In the case of a song streamed to a player but not from the beginning, it may be difficult for a decoder to know how to start. It is thus helpful to be able to look for regular patterns in the stream, and to this end the method preferably extracts signal information from a set of predetermined bit positions within the representation so that the token containing the UESK and possibly also an identifiable synchronisation pattern can be periodically inserted into the said predetermined bit positions. The signal information that was extracted from those bit positions is then embedded into the remainder of the representation; that is excluding the bit positions in the predetermined set.


In order that the listener may receive confirmation that the degradation has indeed been reversed losslessly, the method is preferably enhanced to comprise the further step of embedding verification information into the degraded representation and thereby also into the streamable PCM signal. For the purpose of verification the signals will generally be considered as consisting of segments and verification information computed for each segment in dependence on the segment of the original PCM signal. To discourage forgery, the verification information preferably comprises a digital signature.


To assist some models of rights management, it is sometimes desirable for the song to contain tracing information, which may relate to the account holder or to a transaction. To this end, the method may be enhanced to comprise the further step of receiving the tracing information relating to the user or transaction, this tracing information then being combined with the UESK and possibly other items to form the token.
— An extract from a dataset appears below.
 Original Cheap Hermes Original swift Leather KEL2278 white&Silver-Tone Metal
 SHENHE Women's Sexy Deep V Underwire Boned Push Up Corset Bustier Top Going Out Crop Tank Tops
Since an attacker could then attempt to remove the tracing information by altering the token, preferably the verification information should also be computed in dependence on the token, so that the tracing information cannot easily be tampered with without causing the verification to fail.
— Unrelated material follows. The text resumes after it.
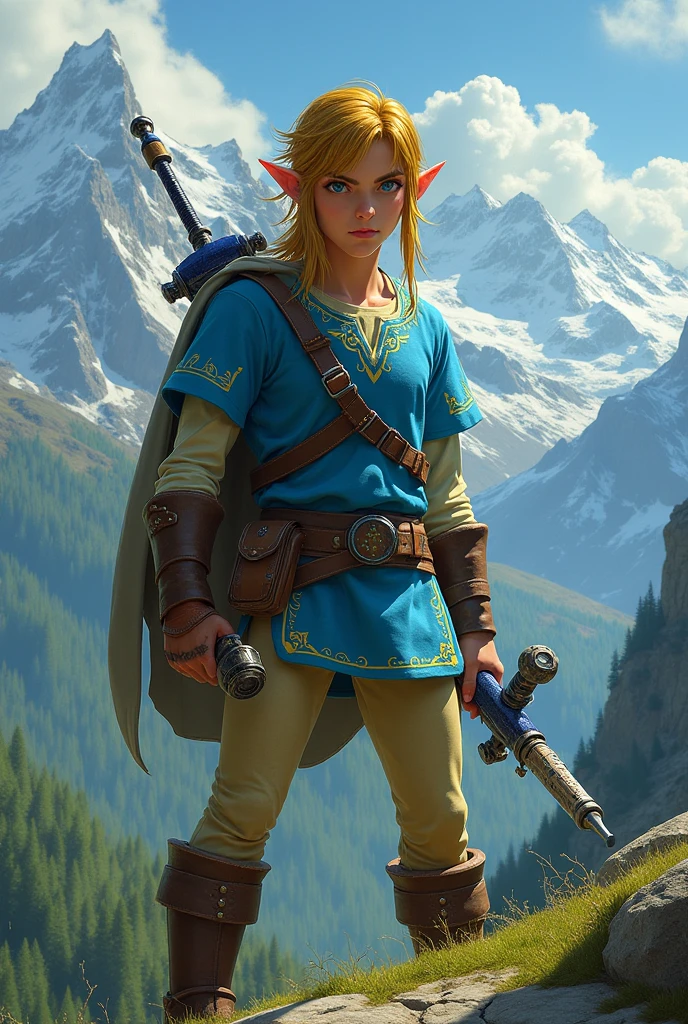 link dans zelda avec une aerographe sur la main droite,derrière une montagne,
In some embodiments, the steps of the method are all performed within a server and the streamable PCM signal then streamed directly to a player via the Internet, possibly in a losslessly compressed format, either for simultaneous playback or for later playback via local storage. In other embodiments, the account holder has a computer that acts as a client and is able to receive the degraded representation and the token separately, and then periodically insert the token into predetermined bit positions within the representation, a process we shall call “sprinkling”. Thus the method is enhanced to comprise the further step of transmitting the degraded representation and the token to a client prior to the step of inserting. This enhancement potentially transfers some computational load or temporary storage from the server to the client, since the degraded representation prior to transmission can be identical for all instances of the same song, and creation of the token can be a lightweight operation.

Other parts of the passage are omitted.